These note are primarily taken from the Unsupervised Learning in R DataCamp course.
Unsupervised machine learning searches for structure in unlabeled data (data without a response variable). The goal of unsupervised learning is to find homogenous subgroups (clusters), and to find patterns (usually through dimensionality reduction). Examples of unsupervised machine learning include k-means clustering, hierarchical cluster analysis (HCA), and principal component analysis (PCA). Unsupervised machine learning often has no single goal beyond gaining insight.
Supervised machine learning makes predictions with labeled data. Supervised learning uses regression for quantitative outcomes and classification for qualitative outcomes.1 Reinforcement machine learning is a third type of learning where the machine learns by operating in an environment. Examples of supervised machine learning include decision trees, random forests, and lasso regression.
Dimensionality reduction is a group of methods of finding structure in clusters and aiding visualization. One dimensionality reduction method is principal component analysis (PCA). PCA finds a linear combination of the features to create principal components. PCA maintains as much variance from the original data as possible. The principle features are unrelated to each other (orthogonal).
The prcomp(df, scale = FALSE, center = TRUE)

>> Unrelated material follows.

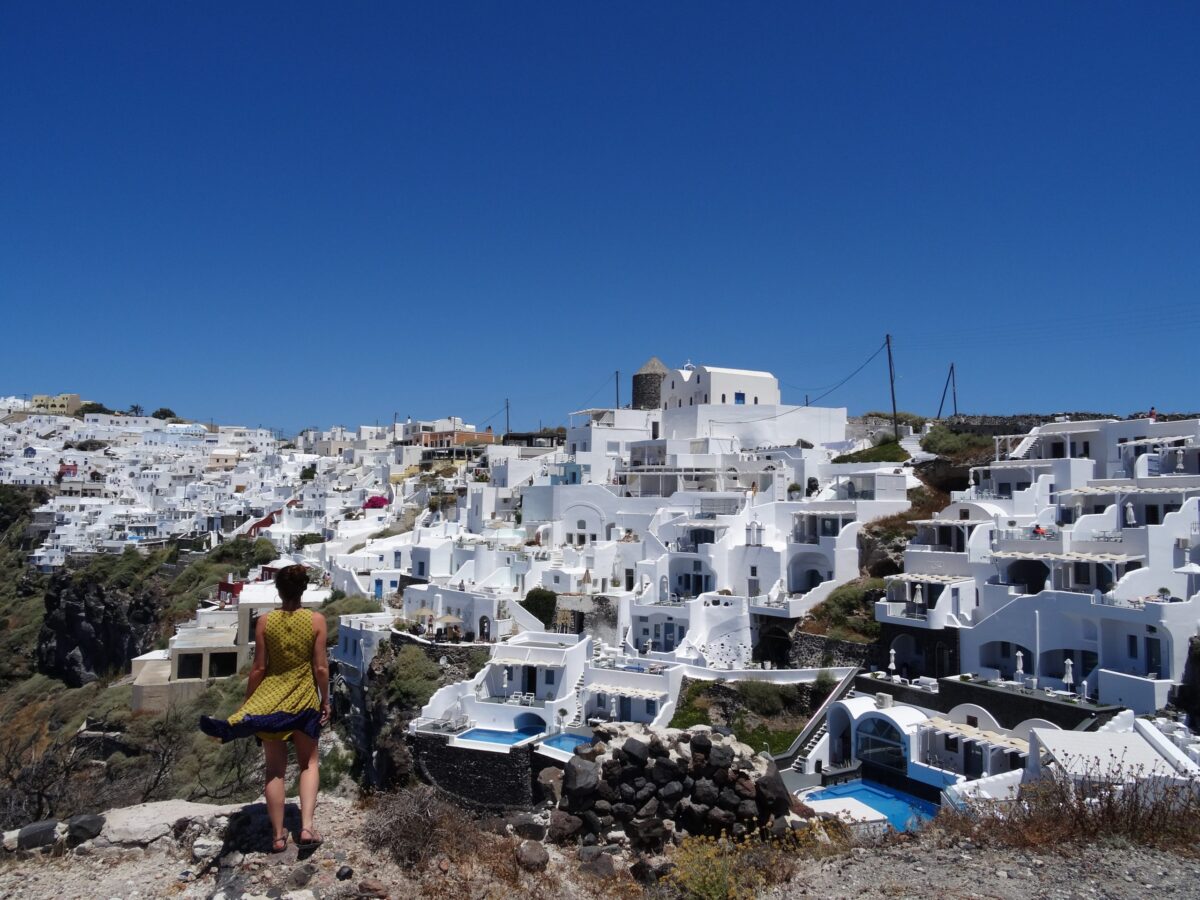 white washed houses oia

function performs a PCA on the dataframe. As with other unsupervised machine learning algorithms, you must remove or impute data for missing values. If the data are on different scales, scale them to mean zero and unit variance with scale = TRUE
. The center
parameter shifts the variables to zero-centered and is typically left at TRUE
.
The pokemon
dataset contains observations of 800 pokemons2 More information on the dataset at https://www.kaggle.com/abcsds/pokemon on 6 dimensions. The data is unlabeled, meaning there is no response variable, just features. The features here are six pokeon ability measures.
library(readr)
pokemon <- read_csv(url("https://assets.datacamp.com/production/course_1815/datasets/Pokemon.csv"))
#pokemon$Name <- NULL
pokemon$Number <- NULL
pokemon$Type1 <- NULL
pokemon$Type2 <- NULL
pokemon$Total <- NULL
pokemon$Generation <- NULL
pokemon$Legendary <- NULL
head(pokemon)
## # A tibble: 6 x 7
## Name HitPoints Attack Defense SpecialAttack SpecialDefense Speed
## <chr> <int> <int> <int> <int> <int> <int>
## 1 Bulbasaur 45 49 49 65 65 45
## 2 Ivysaur 60 62 63 80 80 60
## 3 Venusaur 80 82 83 100 100 80
## 4 VenusaurMeg~ 80 100 123 122 120 80
## 5 Charmander 39 52 43 60 50 65
## 6 Charmeleon 58 64 58 80 65 80
Before conducting PCA, check whether any preprocessing is required: Are there any NAs? If so, drop these observations, or impute values. Are all of the features comparable? If not, standardize the variables in the model with scale = TRUE
. Are the features multi-nomial? If so, create binary variables. In this case, the means and standard deviations are similar, but I am scaling anyway for the exercise.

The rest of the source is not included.